Line 13 was opened in two sections: The western section between Xizhimen and Huoying was opened on September 28, 2002; the eastern section from Huoying to Dongzhimen was opened on January 28, 2003. Despite being numbered 13, the line was only the third subway line to enter into operation as lines 3 to 12 were still under planning at line 13's opening.
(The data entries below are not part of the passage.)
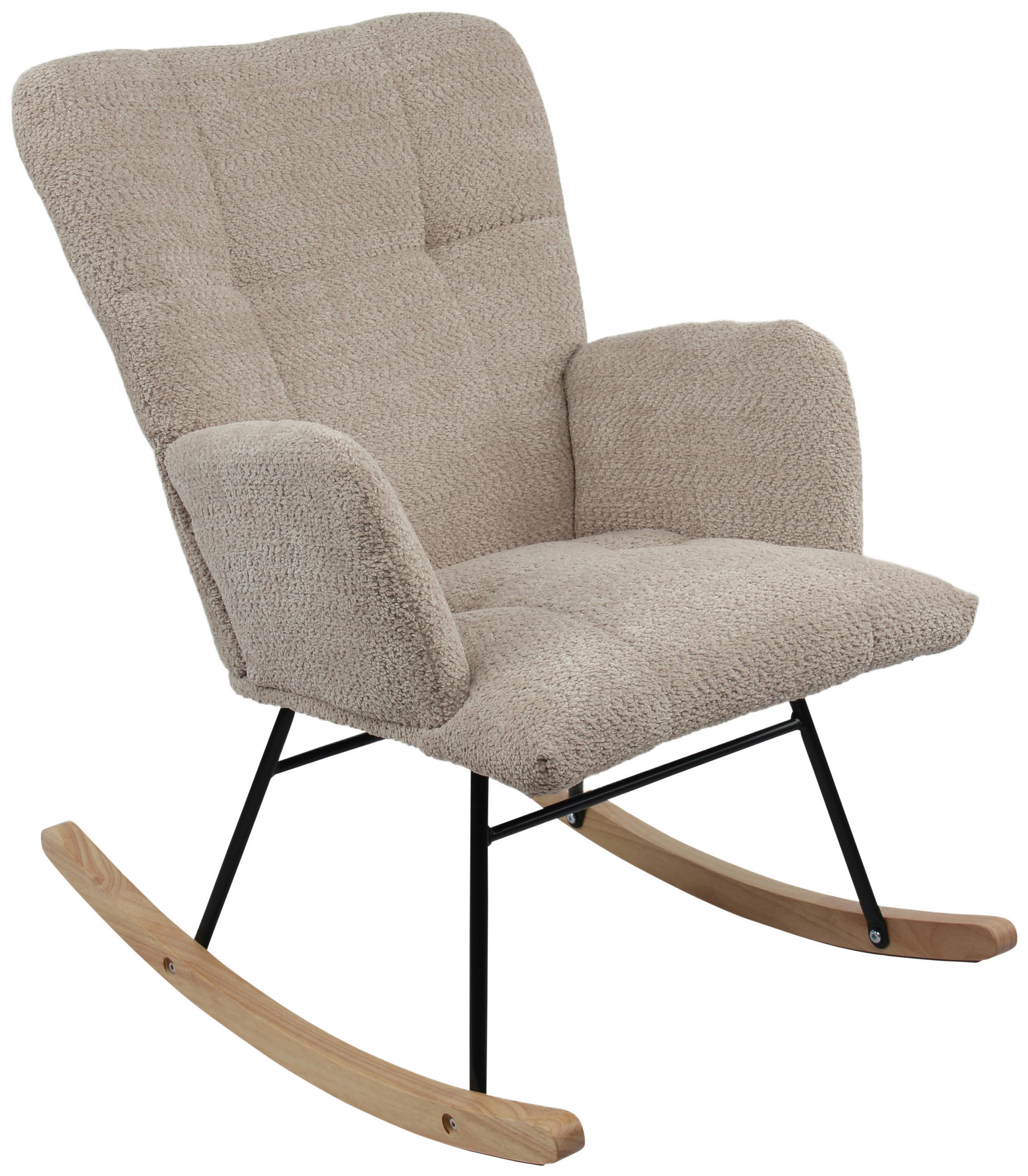 SCHAUKELSTUHL in Bouclé Braun  - Braun/Naturfarben, Basics, Holz/Textil (62/90/52cm) - P & B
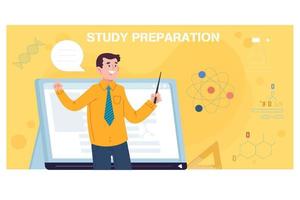 Study preparation nice background poster vector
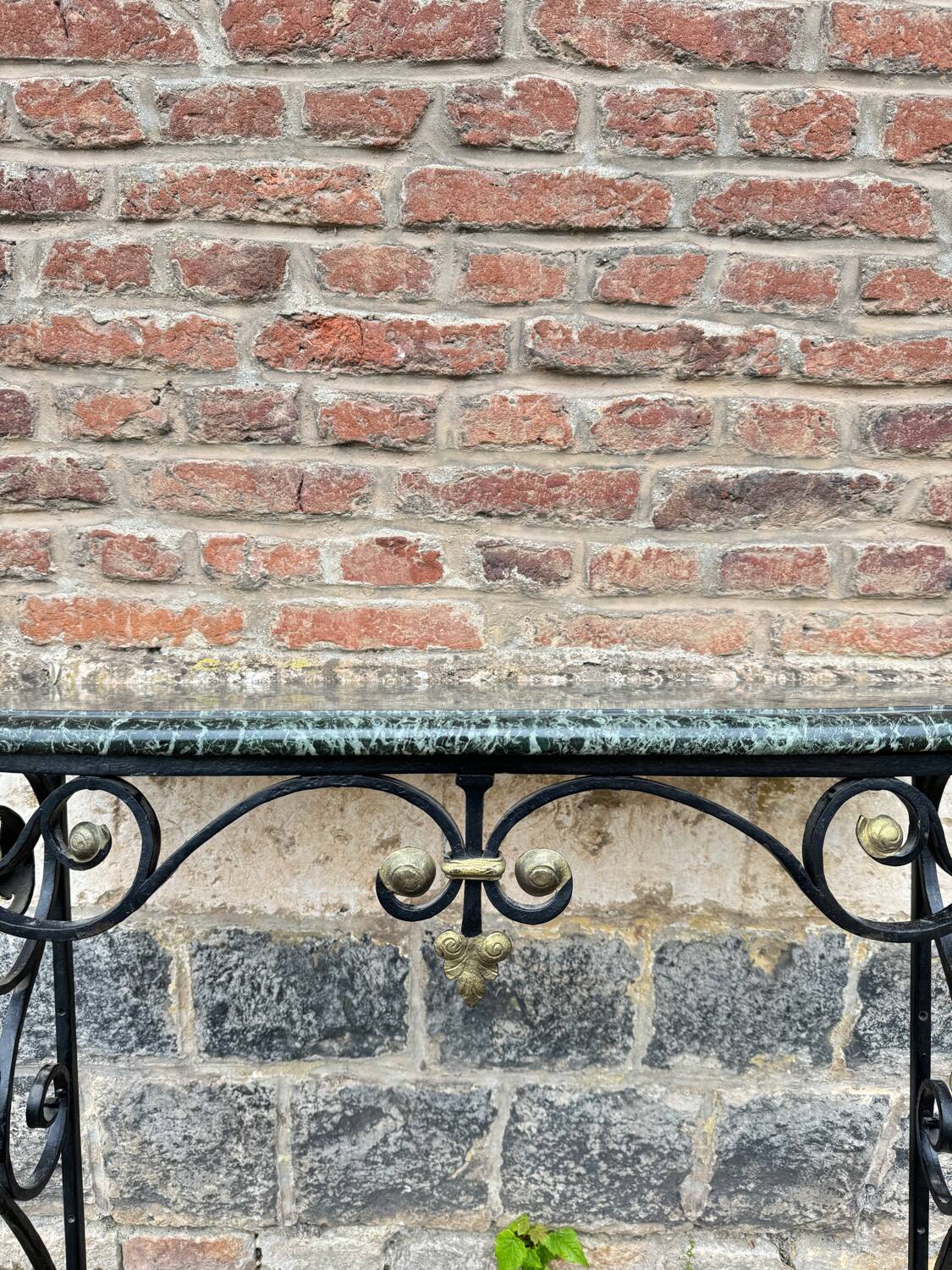 Black And Gold Lacquered Wrought Iron Console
It was the first Beijing Subway line to adopt Yikatong, the electronic farecard, at the end of 2003.

| Segment | Commencement | Length | Station(s) | Name |
| Xizhimen — Huoying | 28 September 2002 | 20.62 km (12.81 mi) | 9 | Western section |
| Huoying — Dongzhimen | 28 January 2003 | 20 km (12 mi) | 7 | Eastern section |
| Xi'erqi (new) | 25 December 2010 | Infill station | 1 | Xi'erqi replacement project |
| Xi'erqi (old) | Decommissioned | -1 |
| Qinghe Railway Station | 30 December 2019 | Infill station | 1 |  |

==Future development==
On November 22, 2018, the Beijing Municipal Commission of Planning and Natural Resources began the 30-day public consultation of a plan to split Line 13 into two lines, temporarily named Line 13A and Line 13B. This was later changed to Line 18 and a new shortened Line 13 respectively. According to the plan, the existing Line 13 will be split between Xi'erqi station and Huilongguan station, to form two L-shaped lines intersecting in the north of the city. Passengers can use a cross-platform interchange between Line 13 and Line 18 at Longzexi station, an underground station in the west of the Jingzang Expressway (this station will only open for Line 18 in 2025. Line 13 at this station will be delayed to 2027).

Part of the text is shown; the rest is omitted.